You might not see it right now. In fact, you might think, There’s no way! We can’t even agree on little things. How could we ever be a powerful, problem-solving unit? But that’s what God intended for your marriage to be.
Most people go into marriage thinking they married someone just like themselves. Eventually, they discover they’re not as alike as they thought they were. That’s when the growing pains begin. They start out thinking, Man, this is going to be wonderful! We’re a perfect match! We think alike. We like the same food, movies, and activities. This is going to be awesome!
Then one day they realize something—marriage isn’t like dating; it’s a lot harder. Now they’re doing life together, and they have to make decisions and solve problems. All of a sudden they realize, we don’t think alike at all! Suddenly, what was once fun becomes incredibly hard work. Each person believes their way of thinking and doing things is the “right” way. They have to learn to work together to make decisions and solve problems.
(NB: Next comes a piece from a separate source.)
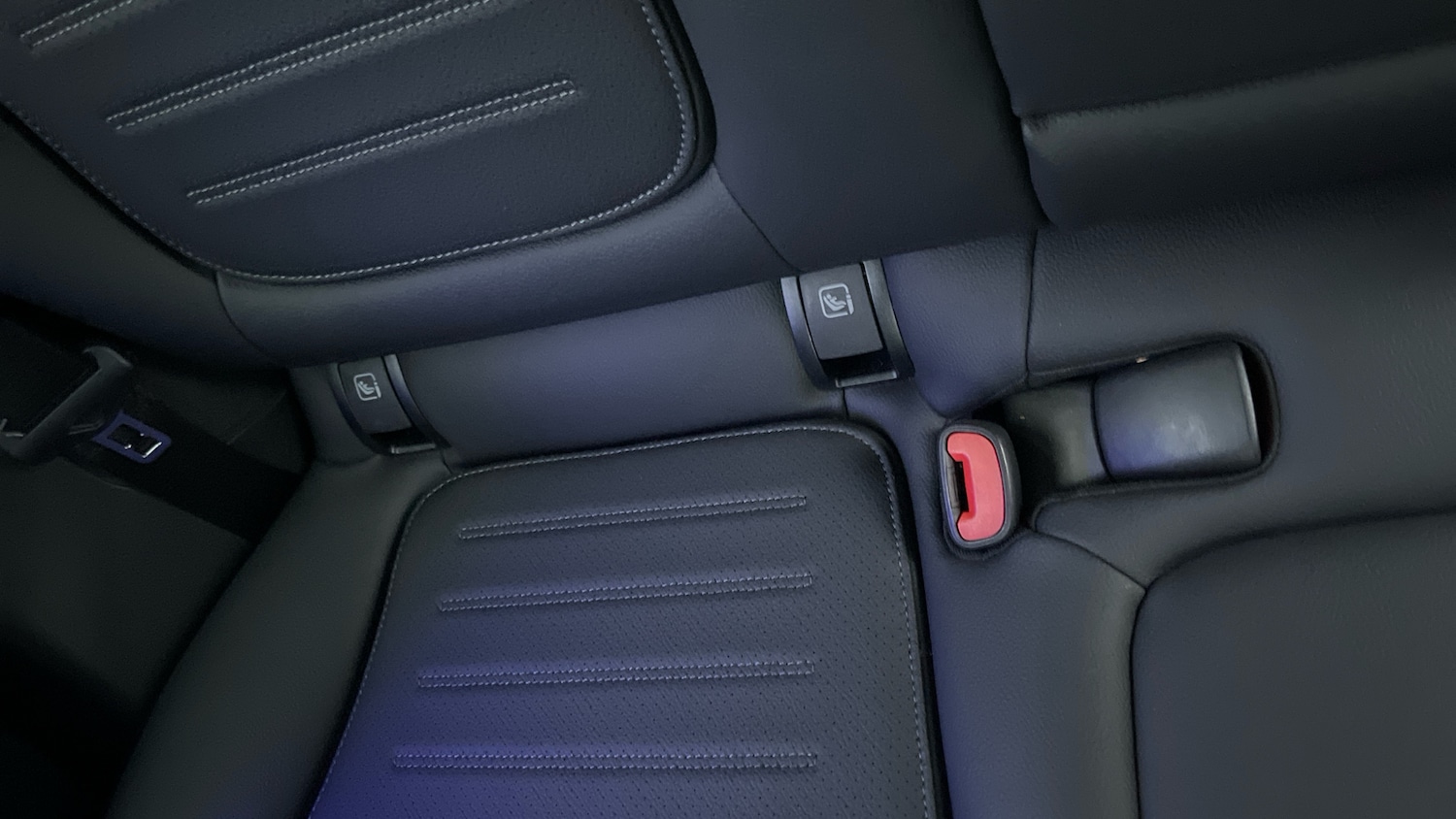 Used Mercedes-Benz GLC 2024 for sale - 77000940: Photo 17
At times, many couples will avoid dealing with problems altogether just to avoid conflict and keep the peace. But a peacemaker isn’t someone who ignores problems. A peacemaker is a problem-solver. Avoiding problems will lead to frustration and eventually a blow-up. If you’re going to grow together, you can’t be afraid to engage each other and discuss issues. That’s how you solve problems.
[WATCH: How to Be a Problem-Solving Spouse]
The Take Away
Address problems together. Be willing to set aside time and discuss problem areas in an objective way. Walk in love and realize that you and your spouse are on the same team. You are a problem-solving unit!